I’d been planning to tell my parents that I’m a CSW, but now I don’t know what to do. I don’t think my mother will accept it. I can hear her now. “A CSW? No! I refuse to believe it. I know you, I raised you. You’re NOT a CSW! Don’t tell me you are. How am I supposed to go to my club and tell the other mothers that my daughter is a Certified Specialist of Wine? What do you think they’re going to do? I’ll tell you what they’re going to do, they’re going to LAUGH! ‘A CSW?,’ they’re going to say, ‘Is that like a CPA, or an RN, or a DDS? Or is it more a WTF?’ I didn’t raise you, Honey, to be a CSW. Now you just march your Certified ass upstairs, young lady, and amputate those three letters. Or you’ll never be welcome in my house.”

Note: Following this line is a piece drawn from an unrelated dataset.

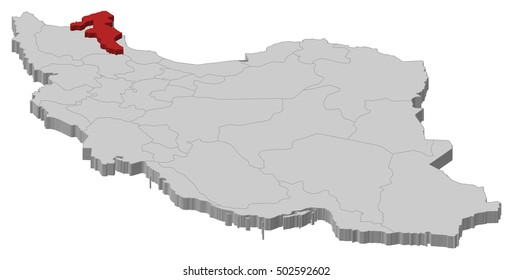 Map - Iran, Ardabil - 3D-Illustration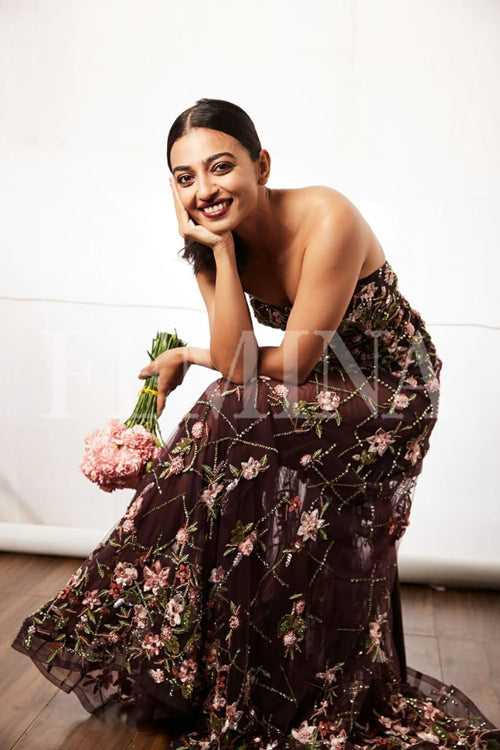 Radhika Apte In Our Wine Tube Gown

“Those three letters,” Mom, are who I am. I don’t care if it’s a horrible way to live, I don’t have a choice anymore. And it is horrible. CWEs making fun of us, calling us “filthy little Specs.” WSETs looking down their noses at us because they have four letters instead of only three. And I don’t even want to talk about MSs. They won’t even speak to us. They walk among us as the Greek gods walked among ordinary mortals. Often they appear to us, those of us who one day dream of our own little MS pin, in animal form, and always an animal with horns. We are their playthings, mere mortals they can tease, torture, torment or seduce. Their immortality makes them shameless. They treat us like their possessions. And so we dream of being one of them, at least until we are broken, without money or pride left, one exam away from immortality… An exam we never pass, because they don’t really want us among them. We’re not really MS material. We never were. We should have known. The gods always recognize other gods, then screw with the mortals who want to be like them. And when they’re finished, our CSW seems so worthless. Like it was just a simple test. Like passing the test for your driver’s license, only it costs 50 times more. Like any dummy can get one. Like the letters are just that. Only letters. Like people who mistake letters for accomplishment are like people who mistake numbers for wisdom. Like wine is about letters and numbers… It is, isn’t it?